Q: The film “Renee” based upon your life story is coming out soon. Did you have any hesitations about the film? How active are you with the production?
RY: I was initially just kind of intrigued by this fantastical dream, the idea of sharing my experience with a larger audience was really exciting and at times terrifying. In spite of the attention TWLOHA had received I still kind of maintained a level of anonymity and the idea of a film would potentially annihilate that. I was wary of people forgetting that “based on” means it’s not entirely true, that they weren’t really going to know the real me… being misrepresented or portrayed in a way that didn’t fit was a bit scary… making a shitty movie was a bit scary, haha. I think mostly I just didn’t want people to look at me as an example, just someone sharing their experience. I worked as a story consultant when the script was initially written, but other than that my involvement was very limited.
Q: With the film and TWLOHA, what is like to know that your life has had such an influence on people?
RY: I don’t think I’ll ever really understand the extent that my experience has impacted others, I’m really humbled and so incredibly grateful that it has, but for the most part I’m almost absurdly oblivious, but I think I prefer it that way.
Q: What is the writing process like for you? What types of situations inspire you artistically?
RY: It’s pretty quick, I either feel something and have an idea, or I don’t. I’m kind of like that with everything, I’m well aware that I’m pretty extreme. If something in my life experiences or relationships needs to be let out, and I’m feeling inspired or passionate about something then it just happens.
Q: Do you have a dream artist that you would like to share a stage or collaborate with one day?
RY: I’ve always loved and admired David Bazan and Patrick Watson, I would love very much to share a stage or collaborate with either one of them.

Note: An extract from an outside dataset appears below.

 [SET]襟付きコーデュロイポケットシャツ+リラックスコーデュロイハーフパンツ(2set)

There’s probably a bunch of others, but they always pop into my head first. Other than that, I’d love to collaborate with some badass rapper and do something way out of left field.
Q: What are some of your goals for 2012?
RY: Honestly, I just want to immerse myself in my music, to pursue what I love whole heartedly, and continue to learn and grow as a human being.

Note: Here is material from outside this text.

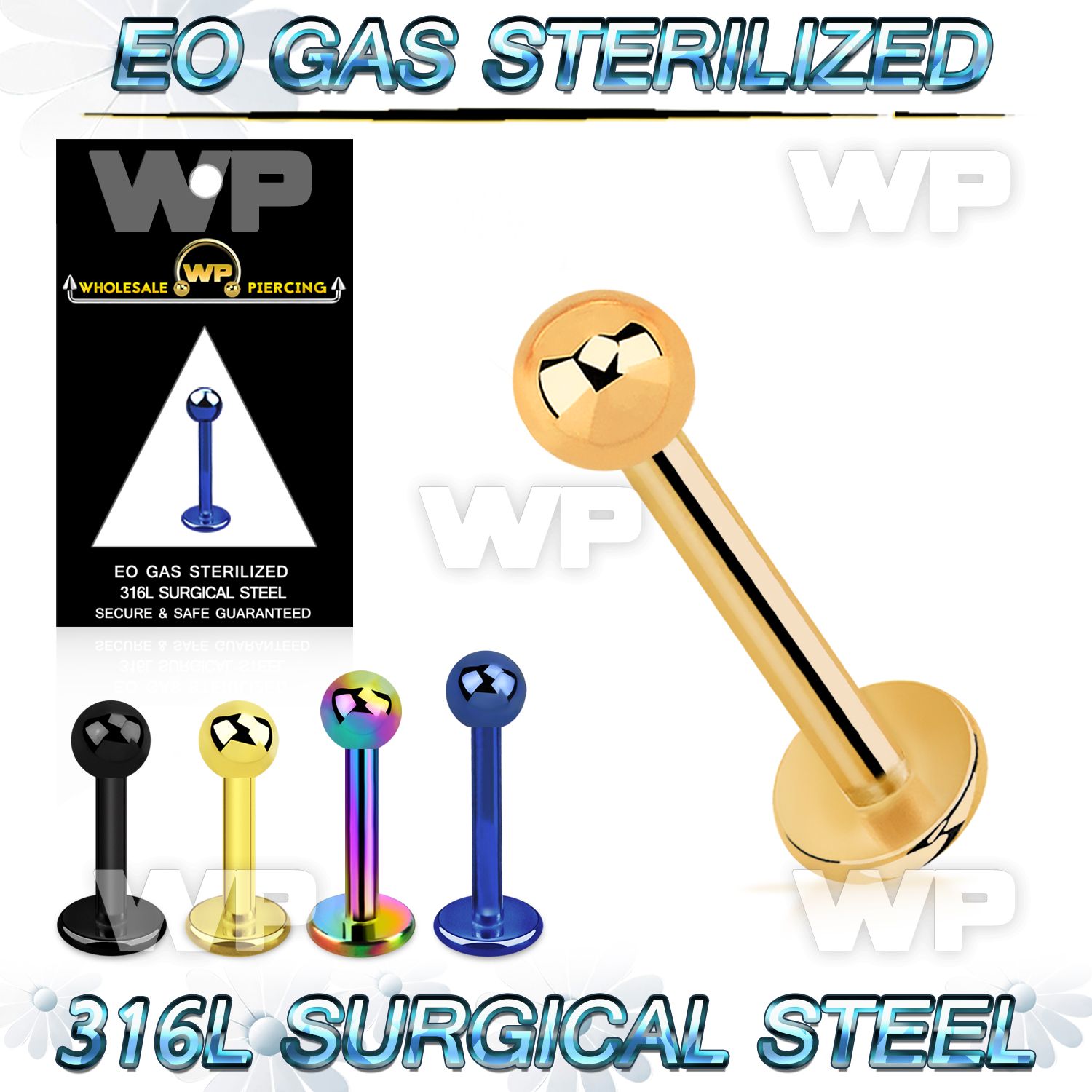 gb4r4z presterilized pvd plated steel labret stud 3mm ball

Q: Being that we are pop culture web site, is there a particular area of pop culture that angers or fascinates you?
RY: It’s hard to say, I’m really oblivious. I think it’s fascinating to observe people in general, to examine the people in the spotlight so to speak, imagine their true lives as regular human beings… it’s fascinating to see the duality in our culture as they appoint individuals as role models or icons or celebrities for whatever reason with this hope they will inspire and be something incredible, and simultaneously sit on the edge of their seats waiting for them to screw up so they can rip them apart for being human. I hate the lies, the judgement and condemnation, the pressure to perform a role, and I love the stubborn resilience of those that fight to live their own path on their own terms and just be honest. I guess I have a lot more to say than I thought, but I think I’ll keep it at that.